- [DIRECTIONS]: The first line of the entries through the line bearing "Steering column TOYOTA": copy these lines exactly and return nothing else.

[Saved data entries]
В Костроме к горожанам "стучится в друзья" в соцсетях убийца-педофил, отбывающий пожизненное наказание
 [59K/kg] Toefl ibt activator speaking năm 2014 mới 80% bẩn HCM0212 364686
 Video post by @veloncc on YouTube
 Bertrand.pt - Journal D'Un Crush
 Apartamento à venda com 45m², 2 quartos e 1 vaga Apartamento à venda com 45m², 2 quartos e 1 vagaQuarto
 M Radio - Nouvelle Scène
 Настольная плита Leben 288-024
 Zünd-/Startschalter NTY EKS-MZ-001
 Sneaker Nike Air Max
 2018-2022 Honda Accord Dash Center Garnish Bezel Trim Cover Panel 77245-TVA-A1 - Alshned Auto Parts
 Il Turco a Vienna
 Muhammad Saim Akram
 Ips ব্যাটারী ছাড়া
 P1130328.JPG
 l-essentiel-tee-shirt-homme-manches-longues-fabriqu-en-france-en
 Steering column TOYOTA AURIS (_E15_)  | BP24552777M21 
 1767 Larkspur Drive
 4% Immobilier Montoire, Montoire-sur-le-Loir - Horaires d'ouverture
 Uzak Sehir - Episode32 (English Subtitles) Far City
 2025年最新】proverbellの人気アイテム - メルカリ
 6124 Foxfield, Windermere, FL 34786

- [SOLUTION]:
В Костроме к горожанам "стучится в друзья" в соцсетях убийца-педофил, отбывающий пожизненное наказание
 [59K/kg] Toefl ibt activator speaking năm 2014 mới 80% bẩn HCM0212 364686
 Video post by @veloncc on YouTube
 Bertrand.pt - Journal D'Un Crush
 Apartamento à venda com 45m², 2 quartos e 1 vaga Apartamento à venda com 45m², 2 quartos e 1 vagaQuarto
 M Radio - Nouvelle Scène
 Настольная плита Leben 288-024
 Zünd-/Startschalter NTY EKS-MZ-001
 Sneaker Nike Air Max
 2018-2022 Honda Accord Dash Center Garnish Bezel Trim Cover Panel 77245-TVA-A1 - Alshned Auto Parts
 Il Turco a Vienna
 Muhammad Saim Akram
 Ips ব্যাটারী ছাড়া
 P1130328.JPG
 l-essentiel-tee-shirt-homme-manches-longues-fabriqu-en-france-en
 Steering column TOYOTA AURIS (_E15_)  | BP24552777M21 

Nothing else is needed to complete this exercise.